Hardware and Software Support for
Power and Energy Management
(PROLANGS)


Class Information

This is a one credit course. We will meet every week for 60 minutes to discuss a single research paper. Participants are expected to give a single 30 minutes presentation on a selected research paper. We will meet on Thursdays at 12:00pm (noon) in CoRE B .

This page will have links to the research papers if they are electronically available. If you have any questions regarding this light seminar, please contact Prof. Uli Kremer (uli@cs.rutgers.edu). The links to online versions of the papers were provided by Chung-Hsing Hsu. Thanks!

Invited Speaker

Mahmut Kandemir, Penn State University, December 6, 2000

Title: Energy Estimation and Optimization
( part1.pdf , part2.pdf , part3.pdf )

Computing devices for mobile and resource-constrained (embedded) environments are becoming the fastest growing market segment for the computer industry, even out-pacing corporate desktop, small office, and home computer sales. Energy efficiency is an obvious requirement for such devices. On the other hand, increasing clock frequencies make energy efficiency an important issue for even high-performance computing.

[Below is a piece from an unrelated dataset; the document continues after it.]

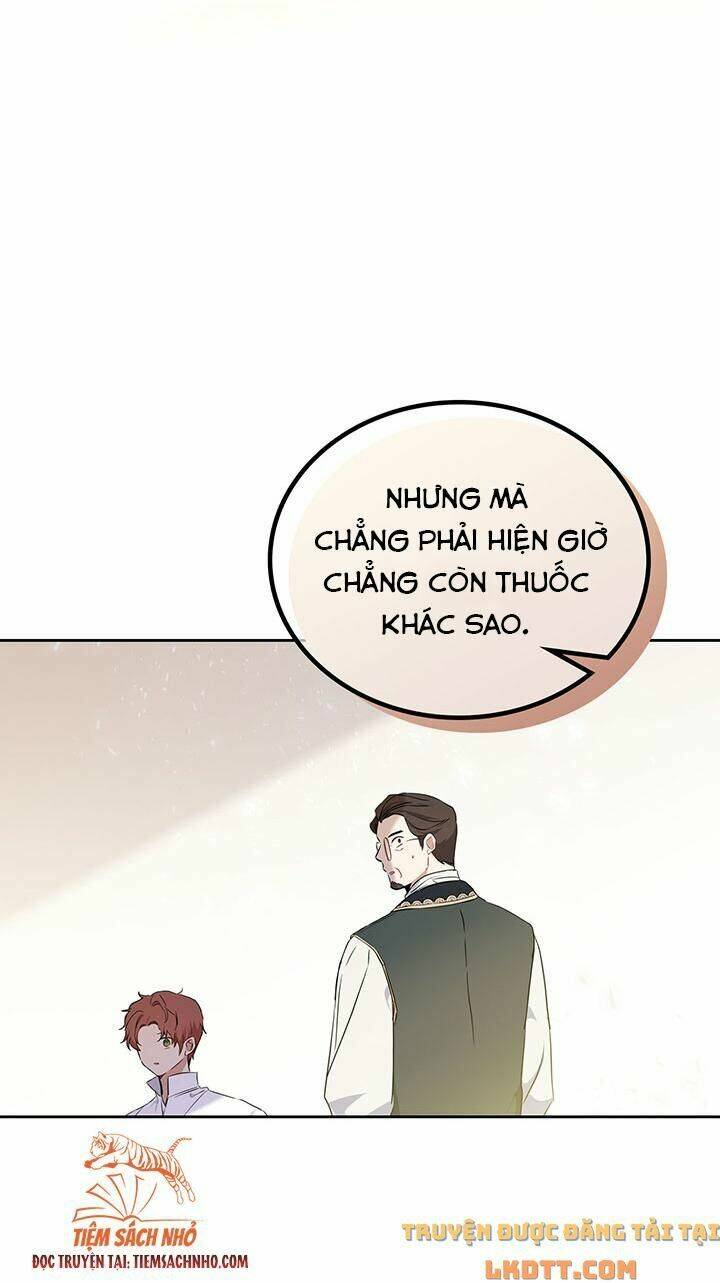 Kiếp Này Tôi Nhất Định Trở Thành Gia Chủ! Chapter 66 - Trang 2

In this talk, I will give a summary of the recent work done at Penn State by the Microsystems Design Group on energy estimation and optimization. I will start with an energy estimation simulator and discuss the energy models employed in the simulator. Then, I will present several example uses of the simulator: evaluating current architectures, evaluating energy-conscious hardware components, the tradeoffs between hardware and software optimizations, and studying widely-used compiler optimizations from an energy viewpoint.

The last part of the talk will consist of a discussion of energy behavior of Java programs. I will give the detailed energy breakdown of the Java Virtual Machine, and discuss which parts of the architecture consumes what percentage of the energy during execution.